I have not seen very many serious performances live... just ordered tickets to a Boston Symphony Orchestra performance in a few weeks... and got decent seats - at least I think so. 1/2 way back - orchestra level - exact center.

I'm excited. 

I dont know the Strauss piece... I will have to go out and get one and give it a listen.

STRAUSS 
Suite from Le Bourgeois Gentilhomme

MOZART
Violin Concerto No. 5 in A

MOZART
Symphony No. 35 in D, K.385, Haffner

http://www.bso.org/bso/mods/perf_detail.jsp?pid=prod3240140

"BSO Conductor Emeritus Bernard Haitink returns for the final two weeks of the 2009-10 season to lead Greek-born violinist Leonidas Kavakos and the BSO in Mozart's Violin Concerto No. 5, the last and heftiest of the composer's concertos for the instrument. Mozart composed what was to become the vigorous Haffner Symphony as a six-movement serenade for the Haffner family, later extracting four movements to make a symphony for performance in Vienna. Richard Strauss's Le Bourgeois Gentilhomme Suite assembles incidental music written in 1912 for a collaboration with Hugo von Hofmannsthal involving Molière's 1670 play of the same name."


----------



## Jaime77 (Jun 29, 2009)

nice one! I like the haffner and violin concerto no.5 is the best of the set imo. dont know the strauss either... enjoy this


----------



## World Violist (May 31, 2007)

I'm beginning to wonder where Bernard Haitink is not conductor emeritus...

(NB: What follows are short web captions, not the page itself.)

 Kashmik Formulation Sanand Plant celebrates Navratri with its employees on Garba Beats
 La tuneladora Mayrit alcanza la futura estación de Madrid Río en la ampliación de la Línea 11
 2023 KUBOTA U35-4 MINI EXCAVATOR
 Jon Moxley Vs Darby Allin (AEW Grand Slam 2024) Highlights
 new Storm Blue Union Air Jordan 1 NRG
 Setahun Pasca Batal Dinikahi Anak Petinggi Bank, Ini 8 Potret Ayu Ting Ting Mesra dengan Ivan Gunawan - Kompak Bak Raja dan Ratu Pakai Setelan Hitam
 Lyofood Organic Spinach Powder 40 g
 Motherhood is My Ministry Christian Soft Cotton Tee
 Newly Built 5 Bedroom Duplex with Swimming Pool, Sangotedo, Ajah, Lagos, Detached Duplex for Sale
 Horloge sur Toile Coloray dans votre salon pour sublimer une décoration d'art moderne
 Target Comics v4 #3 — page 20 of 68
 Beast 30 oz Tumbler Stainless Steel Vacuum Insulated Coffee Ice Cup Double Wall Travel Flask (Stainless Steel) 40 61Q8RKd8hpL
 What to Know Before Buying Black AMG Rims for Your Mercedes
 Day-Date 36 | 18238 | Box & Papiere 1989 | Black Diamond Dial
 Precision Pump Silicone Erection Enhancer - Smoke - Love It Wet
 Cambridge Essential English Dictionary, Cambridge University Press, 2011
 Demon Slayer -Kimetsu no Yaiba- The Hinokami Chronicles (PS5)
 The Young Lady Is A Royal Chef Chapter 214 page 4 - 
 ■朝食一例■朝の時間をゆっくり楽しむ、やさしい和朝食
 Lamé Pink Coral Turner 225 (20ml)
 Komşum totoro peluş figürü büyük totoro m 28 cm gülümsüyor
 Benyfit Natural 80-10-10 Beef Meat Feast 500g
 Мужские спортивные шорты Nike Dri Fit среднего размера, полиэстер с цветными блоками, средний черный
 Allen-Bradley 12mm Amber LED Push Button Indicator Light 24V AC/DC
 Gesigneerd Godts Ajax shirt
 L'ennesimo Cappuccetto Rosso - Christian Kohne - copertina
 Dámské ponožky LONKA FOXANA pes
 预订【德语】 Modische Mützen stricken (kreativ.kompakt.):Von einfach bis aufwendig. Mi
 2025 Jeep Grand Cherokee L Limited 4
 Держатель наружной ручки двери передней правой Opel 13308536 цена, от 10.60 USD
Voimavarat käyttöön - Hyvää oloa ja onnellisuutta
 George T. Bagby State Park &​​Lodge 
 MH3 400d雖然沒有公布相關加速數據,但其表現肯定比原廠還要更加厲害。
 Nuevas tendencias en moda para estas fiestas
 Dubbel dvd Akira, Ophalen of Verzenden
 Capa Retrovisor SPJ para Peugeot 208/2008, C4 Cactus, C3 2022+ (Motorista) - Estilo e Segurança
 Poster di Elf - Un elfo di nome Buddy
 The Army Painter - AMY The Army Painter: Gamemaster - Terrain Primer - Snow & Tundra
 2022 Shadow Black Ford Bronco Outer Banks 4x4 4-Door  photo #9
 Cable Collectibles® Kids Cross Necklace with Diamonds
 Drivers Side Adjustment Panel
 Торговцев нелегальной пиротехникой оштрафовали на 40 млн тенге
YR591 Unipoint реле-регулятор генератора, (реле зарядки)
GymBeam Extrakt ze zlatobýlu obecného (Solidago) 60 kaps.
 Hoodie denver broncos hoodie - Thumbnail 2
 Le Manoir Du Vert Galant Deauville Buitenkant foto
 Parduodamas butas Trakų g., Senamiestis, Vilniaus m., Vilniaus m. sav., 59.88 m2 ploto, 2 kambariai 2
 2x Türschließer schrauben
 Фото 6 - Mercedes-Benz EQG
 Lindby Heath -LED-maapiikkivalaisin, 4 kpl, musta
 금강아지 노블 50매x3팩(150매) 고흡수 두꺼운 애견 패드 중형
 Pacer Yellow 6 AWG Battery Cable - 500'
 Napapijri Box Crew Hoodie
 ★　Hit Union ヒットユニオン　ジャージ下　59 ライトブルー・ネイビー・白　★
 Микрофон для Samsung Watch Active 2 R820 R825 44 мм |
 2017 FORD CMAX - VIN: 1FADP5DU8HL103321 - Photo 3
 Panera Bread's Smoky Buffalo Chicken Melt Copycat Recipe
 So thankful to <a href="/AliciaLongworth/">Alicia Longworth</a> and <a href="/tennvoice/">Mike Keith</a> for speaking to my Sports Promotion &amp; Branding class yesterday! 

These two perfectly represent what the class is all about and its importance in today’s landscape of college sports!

That looks like a pretty good program for Mozart lovers. I tend to really like Leonidas Kavakos anyway.


----------



## SPR (Nov 12, 2008)

thanks... I have not been in perhaps 10 years... this is the first time since I have have been seriously listening to classical music - and have never been inside of symphony hall Boston. I know I am going to hear this with *very* different ears and understanding.

I did find "Le Bourgeois Gentilhomme" just now and picked this up at Borders (Chicago Symphony)
http://www.amazon.com/Richard-Strauss-Symphonia-Domestica-Hybrid/dp/B000QEIMC8

And though I have a couple of versions of Mozarts pieces I also picked up Andrew Manze / English Symphony Violin Concertos 3-5:
http://www.amazon.com/Mozart-Violin...r_1_10?ie=UTF8&s=music&qid=1269884151&sr=1-10

as well as Karajan Berlin Philharmonica Symphonies 35-41...
http://www.arkivmusic.com/classical/album.jsp?album_id=7960

I'd like to know these pieces very well before I go.


----------



## SPR (Nov 12, 2008)

World Violist said:


> I'm beginning to wonder where Bernard Haitink is not conductor emeritus...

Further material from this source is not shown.